Machine translation (MT) is a fully automated process of translating content from one language into another by means of software. As part of computational linguistics, it is often directly connected with artificial intelligence (AI) engines to leverage human input for improving the automated translation output.
Main types of machine translation
Algorithms used by software for machine translation can be developed based on several principles – for example, linguistic rules – that demand a certain action for the output. This results in different approaches to obtain the required results for each machine translation type.
The main types of machine translation are:
- Rule-based machine translation,
- Dictionary-based machine translation,
- Statistical machine translation,
- Example-based machine translation,
- Hybrid machine translation,
- Neural machine translation.
The main differences between these types concern the foundation they are built upon: intelligent guessing, matching and analogies derived from already translated texts, linguistic rules, dictionary entries, or bilingual text corpora. The software, system, or network used can be trained through human input in the form of algorithm adjustments or deep learning methods.

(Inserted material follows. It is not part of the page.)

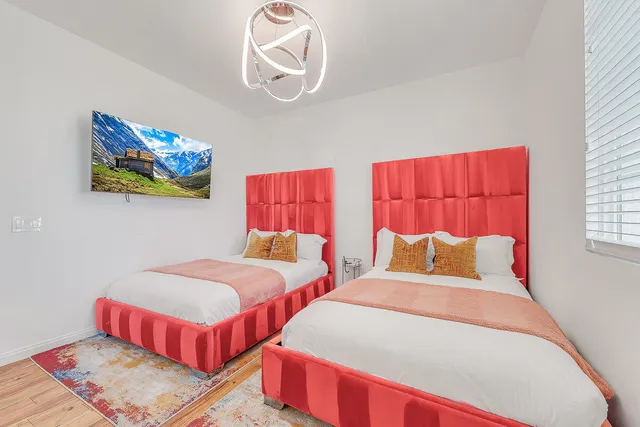 a bedroom with a bed and a chandelier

The output obtained from different machine translation types vary greatly in quality. The availability for specific language pairs can be restricted due to a lack of sources to build on or human input for training. Only neural-based translation could so far reach a level of human parity, that is, output that can be compared to the output a human translator would have produced.

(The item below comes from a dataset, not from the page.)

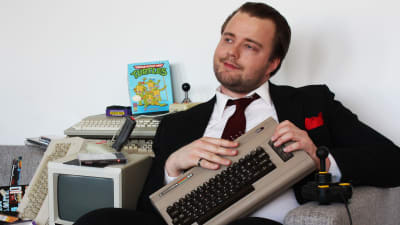 Toimittaja Antti Melkko sliipattuna, pukuun pukeutuneena, vanhan Commodore 64 konsolin kanssa.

Quality differences in machine translation types
With technological advancements, such as neural networks, deep learning, and AI engines, machine translation reaches new levels of output accuracy and efficiency. These have a huge influence on the quality of the translation output.
There are specific factors within the source text that affect the output, independent from the type of machine translation used. And then there are some types of machine translation that are better suited for certain types of texts, whereas some can achieve good quality for any text.
The following factors in the input influence the machine translation output :
- Text format and length (i.e. lists, short sentences, divided into paragraphs),
- Text complexity (tripod consistent of text quantity, text quality, and reader-text-factors),
- Linguistic complexity (phonology, morphology, syntax, and semantic),
- Textual, contextual and interpersonal factors.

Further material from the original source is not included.